**Your objective**
Return, with both end lines included, exactly what the data below holds from the line with "NEW 10 Pcs Store" through the line with "XBOX LIVE 48", though not the pictures.

**Source material**

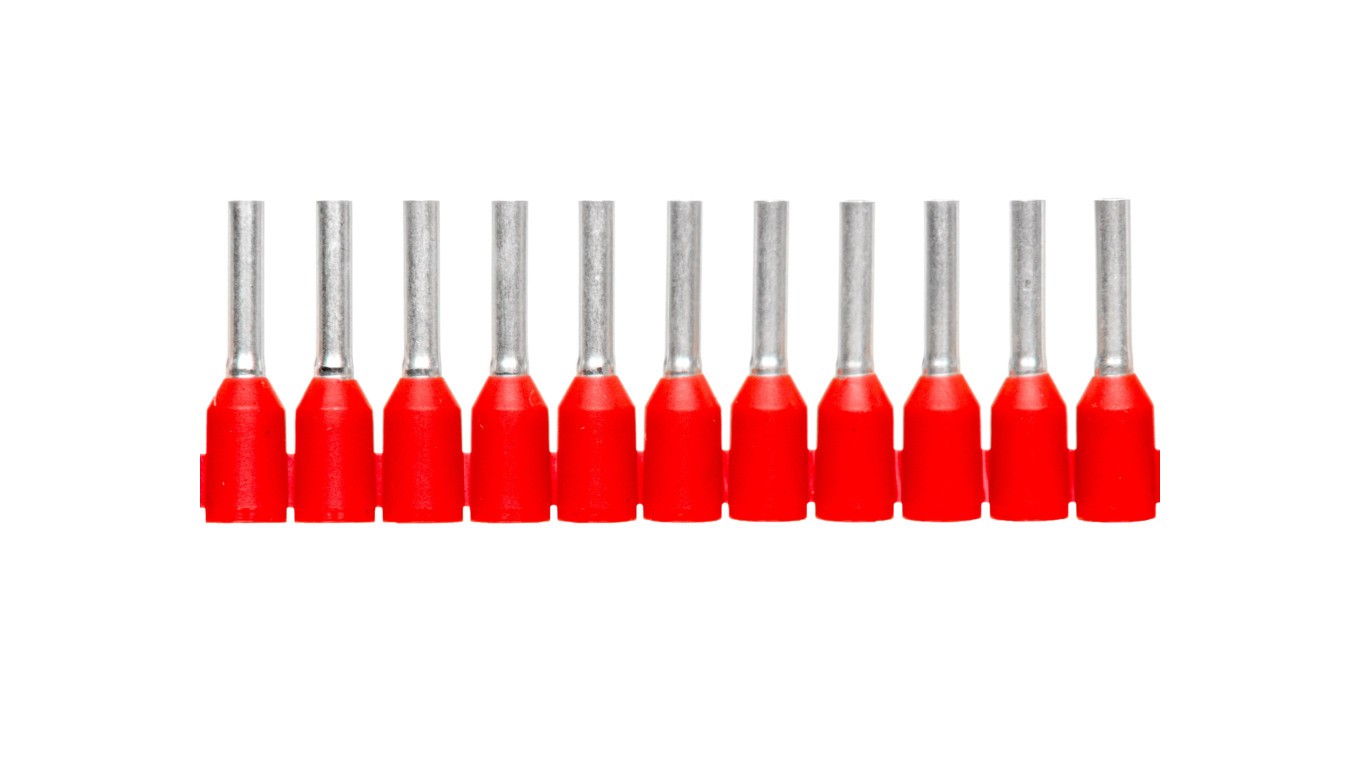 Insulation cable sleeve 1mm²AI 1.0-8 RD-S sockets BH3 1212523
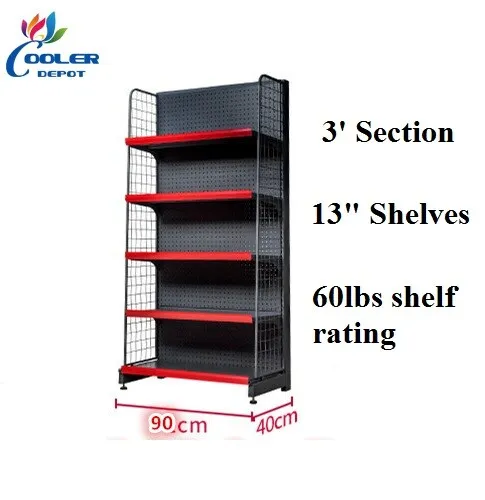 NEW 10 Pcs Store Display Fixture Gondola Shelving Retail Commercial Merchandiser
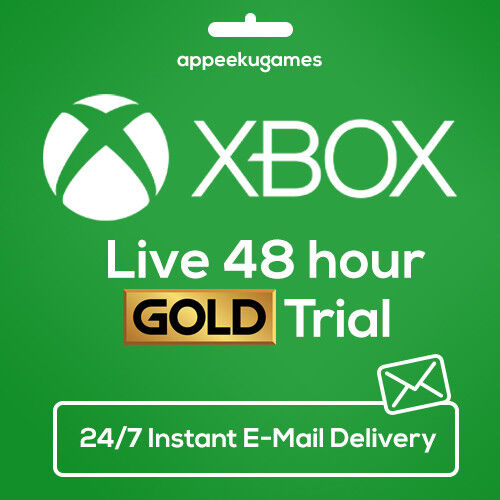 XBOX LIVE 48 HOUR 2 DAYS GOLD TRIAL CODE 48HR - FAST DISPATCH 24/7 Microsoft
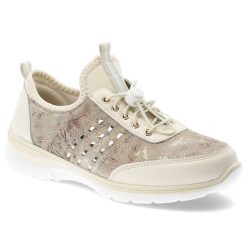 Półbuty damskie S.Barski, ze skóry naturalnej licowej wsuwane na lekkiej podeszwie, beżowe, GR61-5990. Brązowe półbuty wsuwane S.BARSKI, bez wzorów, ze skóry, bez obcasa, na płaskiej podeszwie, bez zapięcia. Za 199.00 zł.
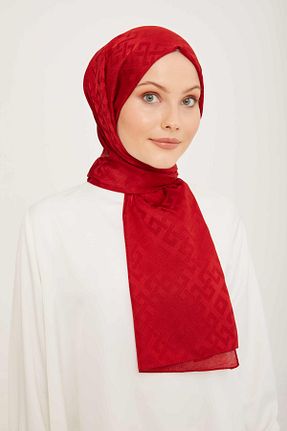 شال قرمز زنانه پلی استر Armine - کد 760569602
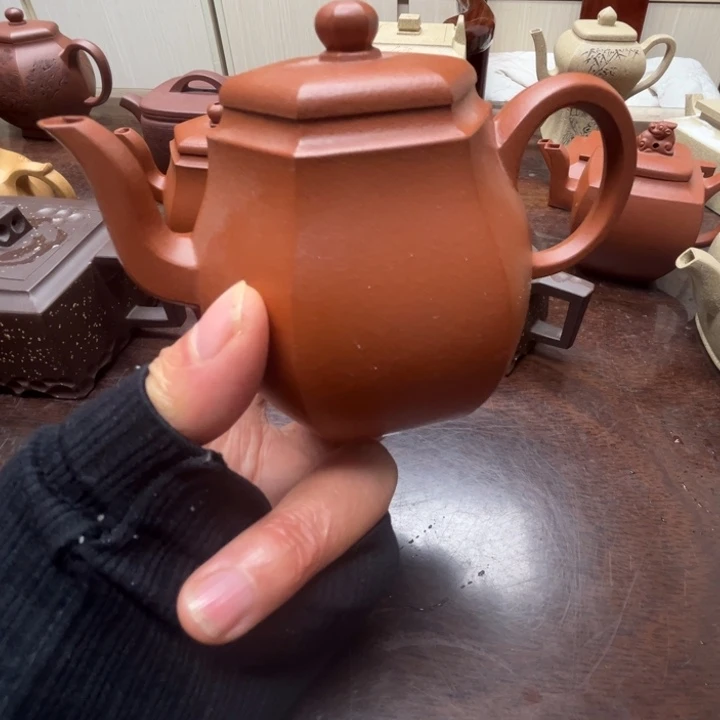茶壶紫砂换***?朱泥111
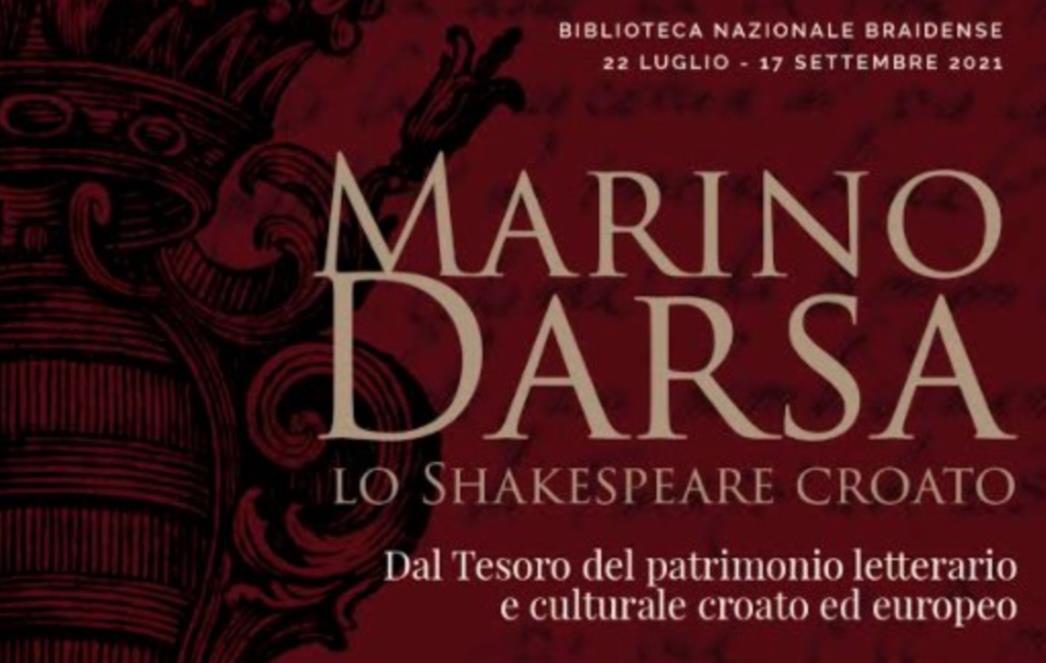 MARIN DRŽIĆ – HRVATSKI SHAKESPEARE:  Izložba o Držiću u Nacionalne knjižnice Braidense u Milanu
--
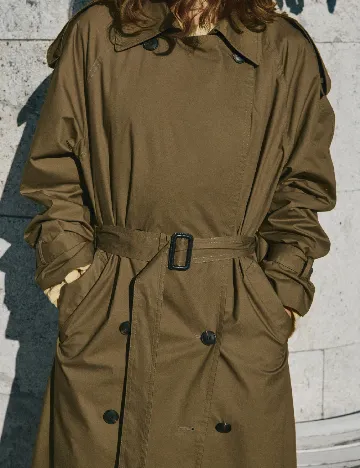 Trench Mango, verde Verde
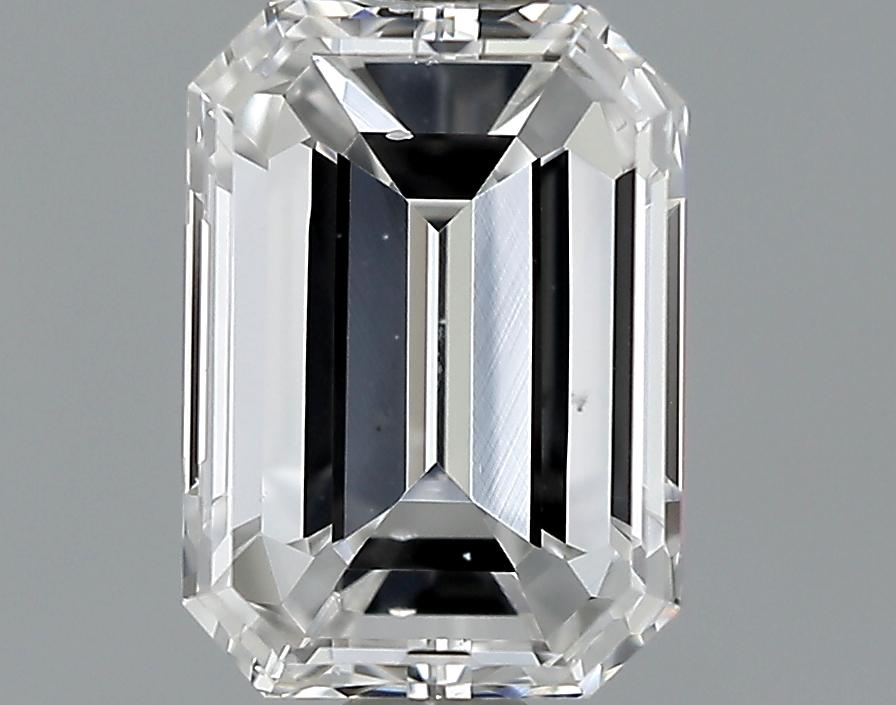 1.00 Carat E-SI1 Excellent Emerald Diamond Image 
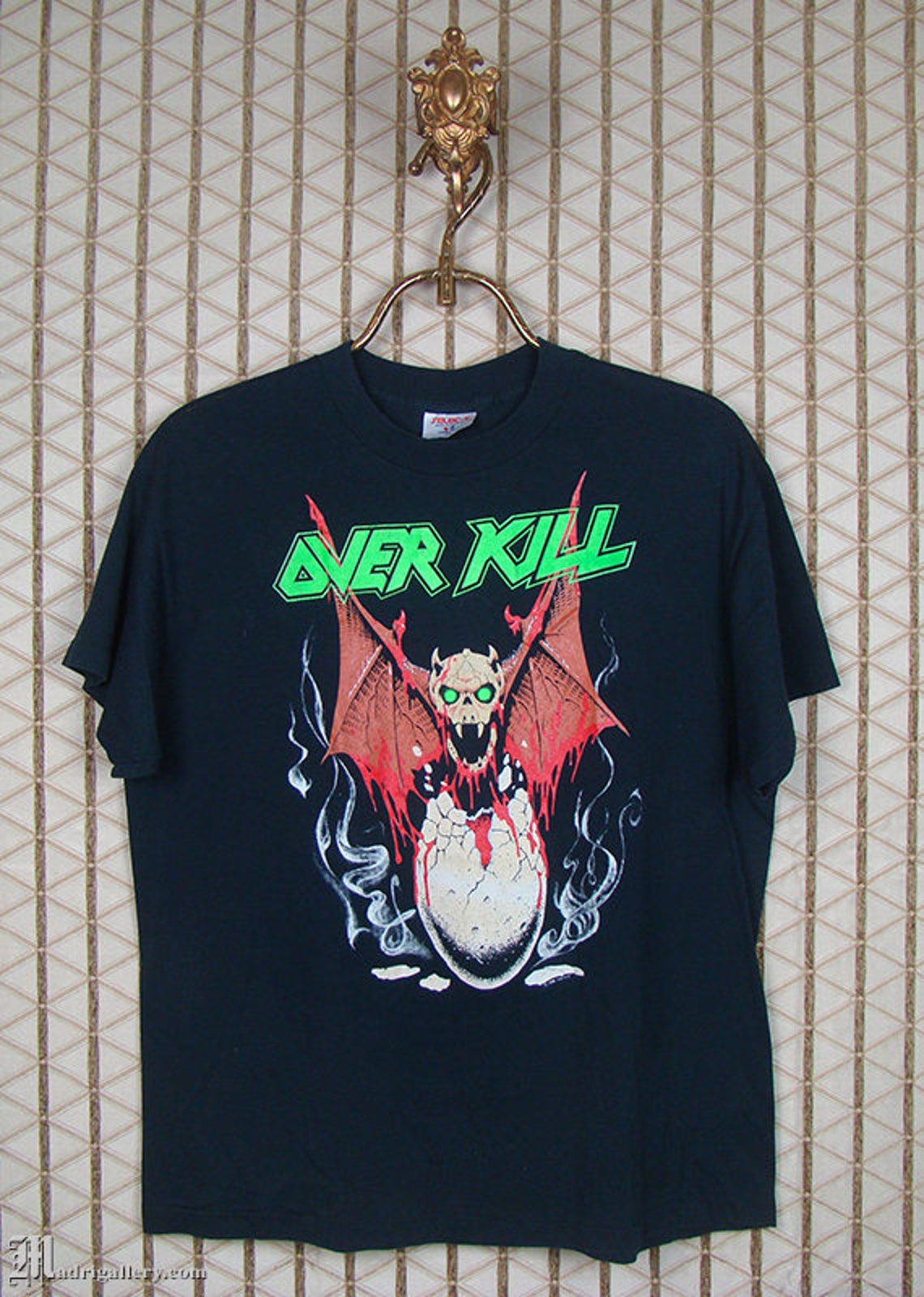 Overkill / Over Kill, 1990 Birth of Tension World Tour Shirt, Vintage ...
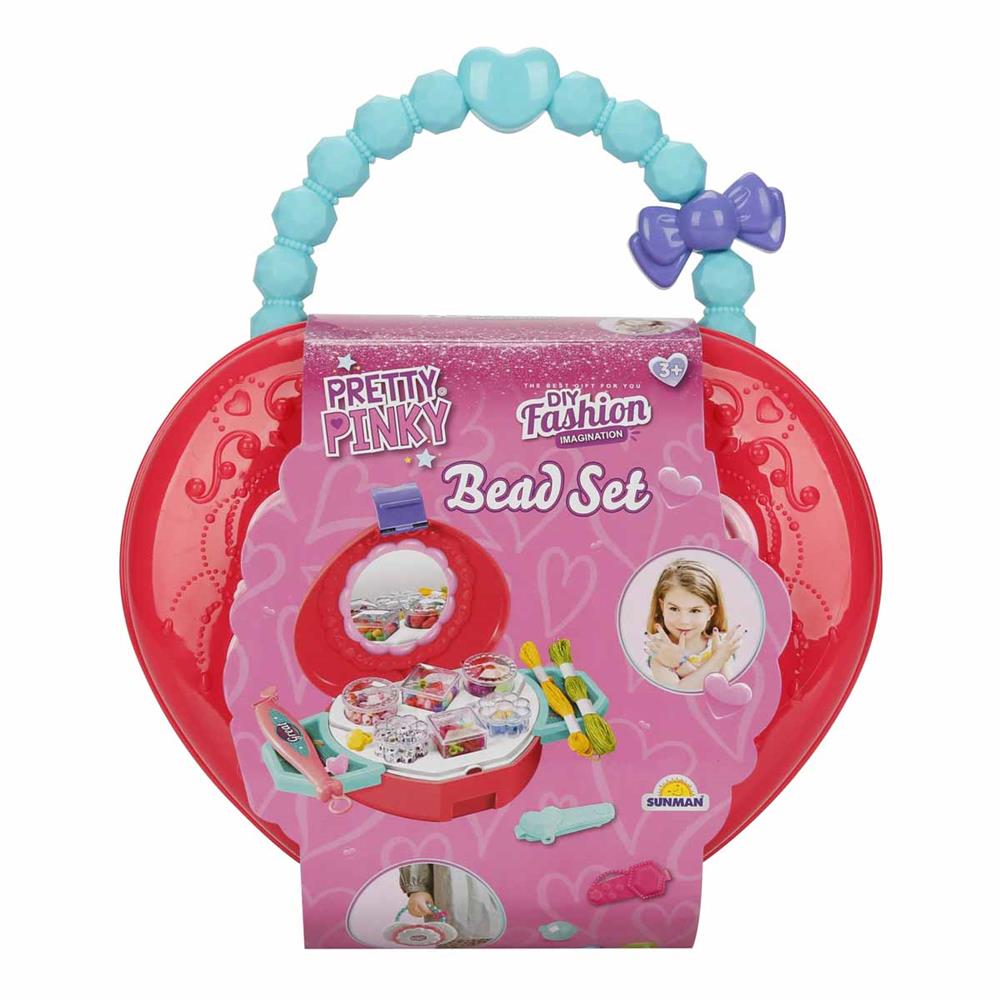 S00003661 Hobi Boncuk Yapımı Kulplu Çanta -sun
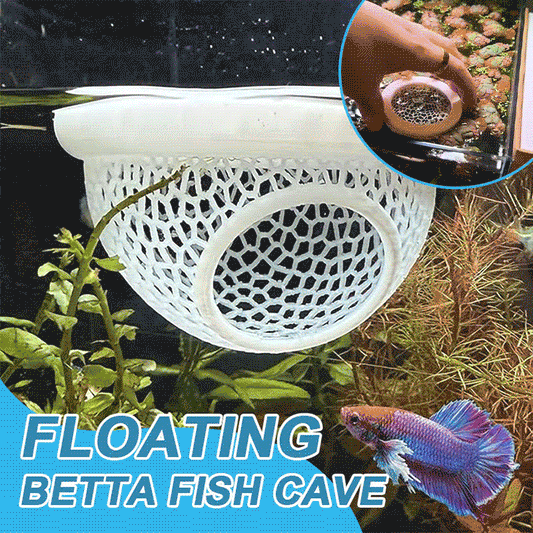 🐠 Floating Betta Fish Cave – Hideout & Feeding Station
---
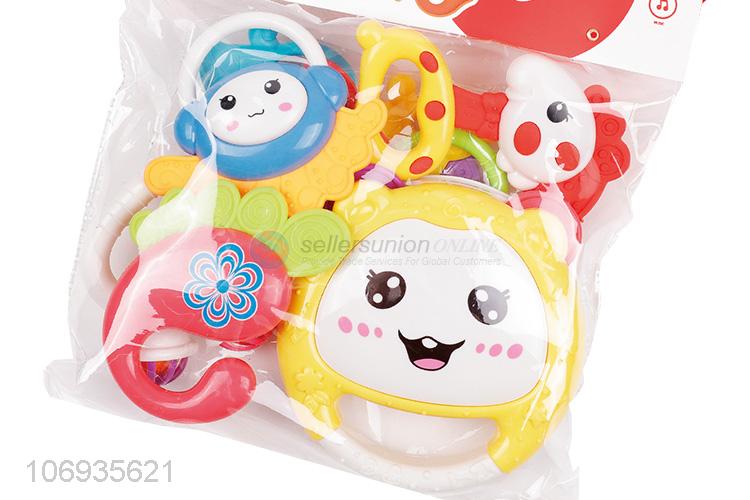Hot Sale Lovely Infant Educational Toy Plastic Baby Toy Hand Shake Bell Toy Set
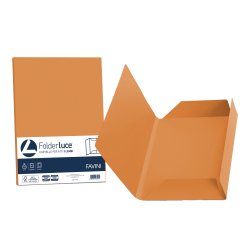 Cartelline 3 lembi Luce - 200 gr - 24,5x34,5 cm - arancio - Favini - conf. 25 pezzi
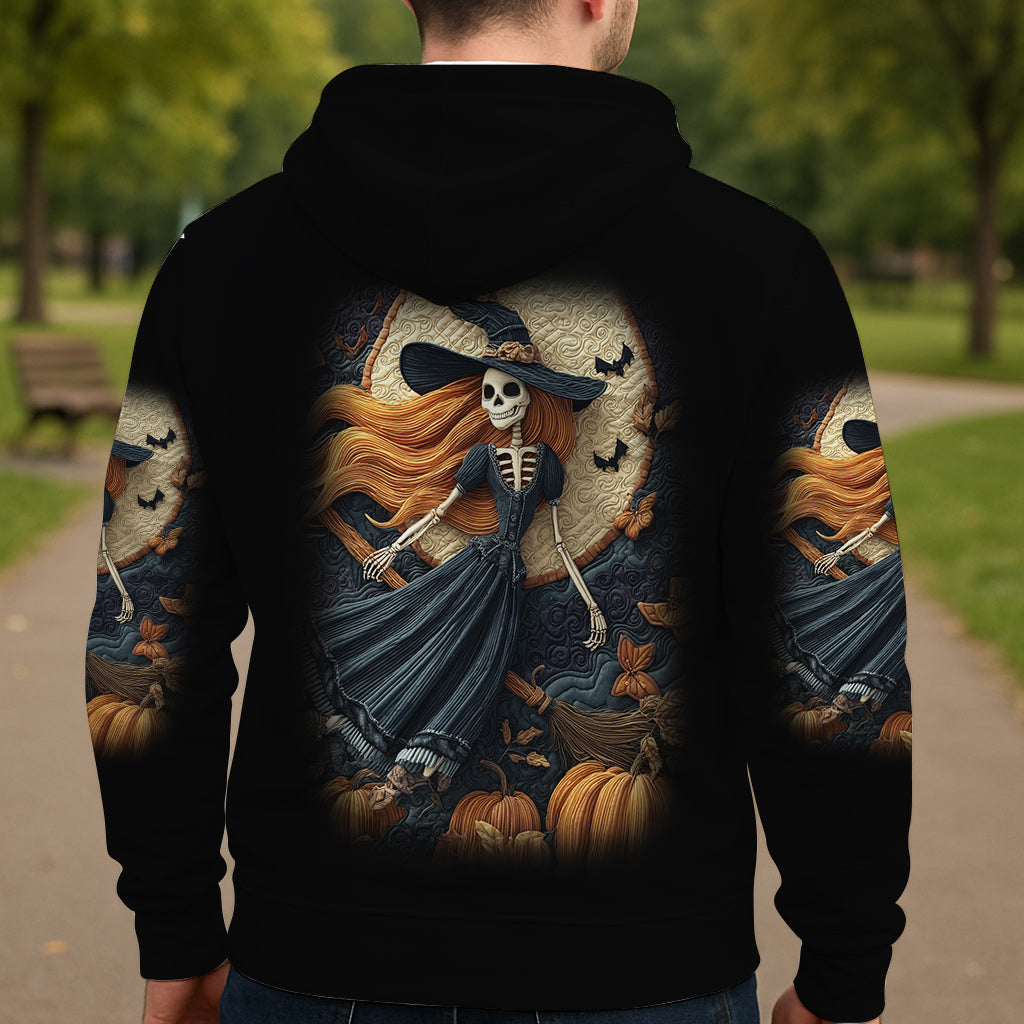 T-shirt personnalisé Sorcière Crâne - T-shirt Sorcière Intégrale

**Reply to the exercise**
 NEW 10 Pcs Store Display Fixture Gondola Shelving Retail Commercial Merchandiser
 XBOX LIVE 48 HOUR 2 DAYS GOLD TRIAL CODE 48HR - FAST DISPATCH 24/7 Microsoft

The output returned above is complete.